(Required work):
Exactly the lines from the one containing "设计安装光伏停车棚露天停车场太阳能停车棚环保太阳能汽车雨篷" through the end of the data below are to be reproduced, and nothing besides them.

(Data to examine):
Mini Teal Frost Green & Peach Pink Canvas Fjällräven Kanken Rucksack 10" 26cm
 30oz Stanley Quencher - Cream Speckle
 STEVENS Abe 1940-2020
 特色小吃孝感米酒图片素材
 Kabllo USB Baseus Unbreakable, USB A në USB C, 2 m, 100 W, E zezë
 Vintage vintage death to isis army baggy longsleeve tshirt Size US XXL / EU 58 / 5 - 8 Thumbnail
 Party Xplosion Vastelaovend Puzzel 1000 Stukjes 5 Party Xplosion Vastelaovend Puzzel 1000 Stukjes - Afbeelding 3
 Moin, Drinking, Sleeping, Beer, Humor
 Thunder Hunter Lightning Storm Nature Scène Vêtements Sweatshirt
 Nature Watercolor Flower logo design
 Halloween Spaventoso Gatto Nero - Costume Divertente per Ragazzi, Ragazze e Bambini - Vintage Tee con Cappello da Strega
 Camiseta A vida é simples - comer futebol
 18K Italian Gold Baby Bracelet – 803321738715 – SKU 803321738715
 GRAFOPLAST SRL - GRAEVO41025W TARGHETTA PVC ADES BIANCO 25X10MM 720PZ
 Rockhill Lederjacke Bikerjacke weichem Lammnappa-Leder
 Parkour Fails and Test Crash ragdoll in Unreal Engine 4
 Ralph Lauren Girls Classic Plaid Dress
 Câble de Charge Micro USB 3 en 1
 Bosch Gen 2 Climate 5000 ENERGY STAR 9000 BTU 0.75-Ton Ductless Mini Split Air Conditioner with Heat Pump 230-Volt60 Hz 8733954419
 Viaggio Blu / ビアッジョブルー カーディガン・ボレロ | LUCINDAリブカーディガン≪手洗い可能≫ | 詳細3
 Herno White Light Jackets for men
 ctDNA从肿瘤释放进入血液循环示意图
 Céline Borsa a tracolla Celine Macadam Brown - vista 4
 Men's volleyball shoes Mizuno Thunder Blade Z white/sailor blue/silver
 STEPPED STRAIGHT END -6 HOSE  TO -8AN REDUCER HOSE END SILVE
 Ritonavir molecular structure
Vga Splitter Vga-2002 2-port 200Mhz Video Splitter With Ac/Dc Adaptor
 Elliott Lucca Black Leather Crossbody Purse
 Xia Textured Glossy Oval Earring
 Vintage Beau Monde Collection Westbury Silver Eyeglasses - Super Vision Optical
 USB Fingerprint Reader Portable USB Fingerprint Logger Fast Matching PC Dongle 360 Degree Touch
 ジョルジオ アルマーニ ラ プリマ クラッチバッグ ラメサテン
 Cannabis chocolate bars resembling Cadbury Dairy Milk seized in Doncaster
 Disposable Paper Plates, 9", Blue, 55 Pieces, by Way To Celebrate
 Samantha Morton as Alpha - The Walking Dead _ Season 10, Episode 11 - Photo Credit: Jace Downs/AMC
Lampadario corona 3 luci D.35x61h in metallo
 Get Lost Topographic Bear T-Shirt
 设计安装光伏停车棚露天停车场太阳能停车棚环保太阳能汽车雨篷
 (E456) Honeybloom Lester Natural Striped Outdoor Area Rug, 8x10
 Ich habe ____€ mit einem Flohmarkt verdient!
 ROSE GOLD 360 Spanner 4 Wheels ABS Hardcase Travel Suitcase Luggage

(Solution):
 设计安装光伏停车棚露天停车场太阳能停车棚环保太阳能汽车雨篷
 (E456) Honeybloom Lester Natural Striped Outdoor Area Rug, 8x10
 Ich habe ____€ mit einem Flohmarkt verdient!
 ROSE GOLD 360 Spanner 4 Wheels ABS Hardcase Travel Suitcase Luggage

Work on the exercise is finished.